Hace algunos años llegó a un monasterio tibetano del norte de la India un monje procedente de Tailandia, perteneciente a la antigua escuela Theravada, e, ilusionado, pidió permiso para meditar con los demás.
Colocándose al final de la Gompa (sala de meditación) se sentó dispuesto a empezar la sesión cuando, de repente, descubrió con sorpresa que el resto de monjes comenzaban la entonación de la toma de refugio, cuatro pensamientos inconmensurables y la recitación de varios sutras.
Encogiéndose de hombros, decidió meditar por su cuenta, alcanzando pronto un profundo Shamadi donde pudo contemplar con claridad la naturaleza de los fenómenos y la esencia pura de la mente, aprehendiendo un nuevo estado de paz antes desconocido.
Cuando, al cabo de un rato, uno de los monjes hizo sonar la campanilla que anunciaba el final de la sesión meditativa, aquel hombre estaba ya a las puertas de la iluminación.

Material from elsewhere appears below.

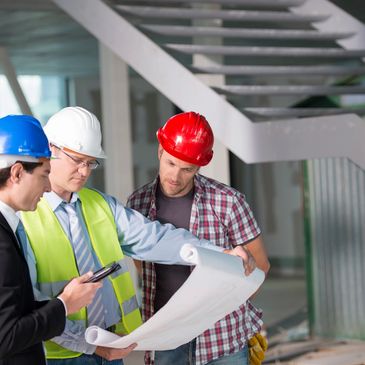 Three construction workers wearing blue, white, and red helmets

Algunos, que se dieron cuenta de que el extranjero irradiaba una extraña claridad, se interesaron por él y por su práctica.
A lo que el hombre confesó:
- Cuando hay que meditar, medito.
Cuando hay que estudiar los sutras, los estudio.

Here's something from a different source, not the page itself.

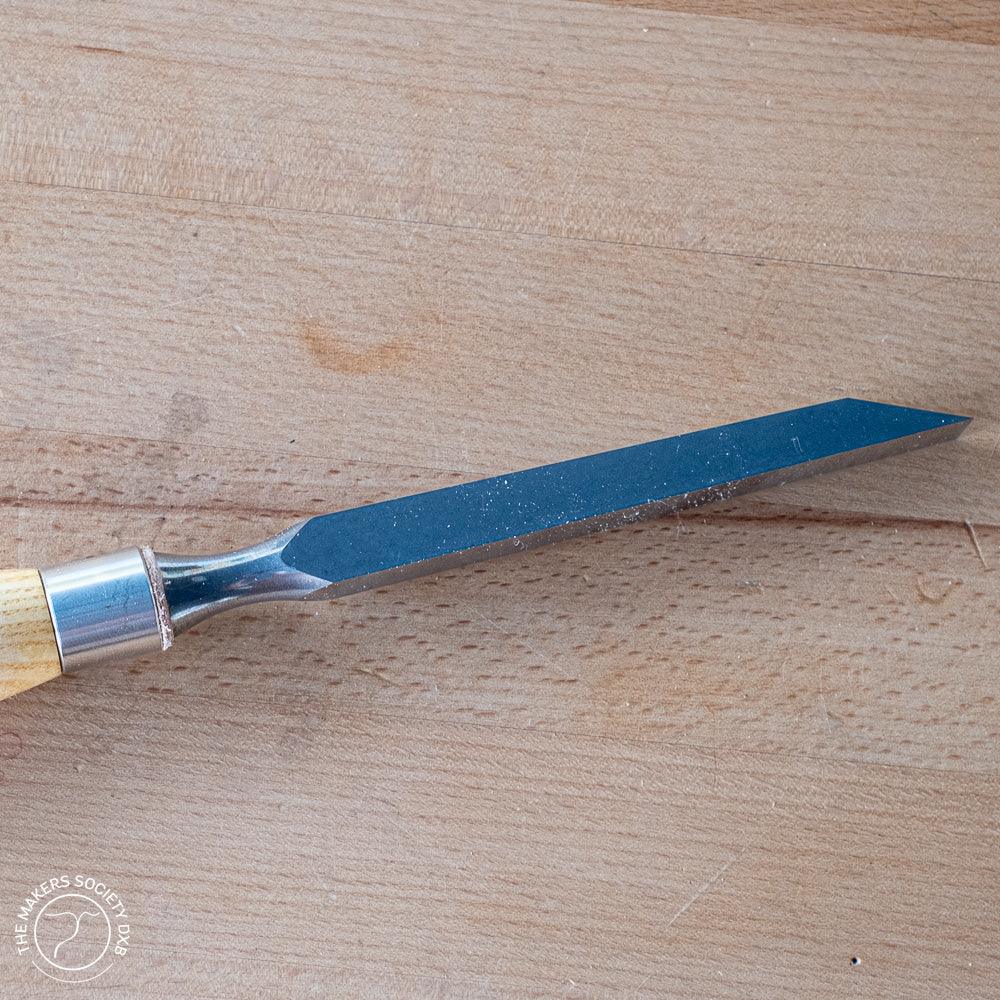 Narex mortise chisel with wooden handle on wooden surface, woodworking tool for precise joinery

Cuando hay que reflexionar sobre ellos, reflexiono.
No realizo una práctica tan larga que llegue a agotarme, ni tan corta que no pueda saborear sus tesoros.
No me pierdo en rituales, ni en tradiciones de hombres.
Medito para conocerme a mí mismo, no para imitar a otros.
Medito para transformar mi mente y liberarla, no para cargarla de cadenas o para cambiar unas por otras.
Ustedes pierden demasiado tiempo en formalismos, haciendo rígido y duro lo que por esencia siempre fue sencillo y flexible.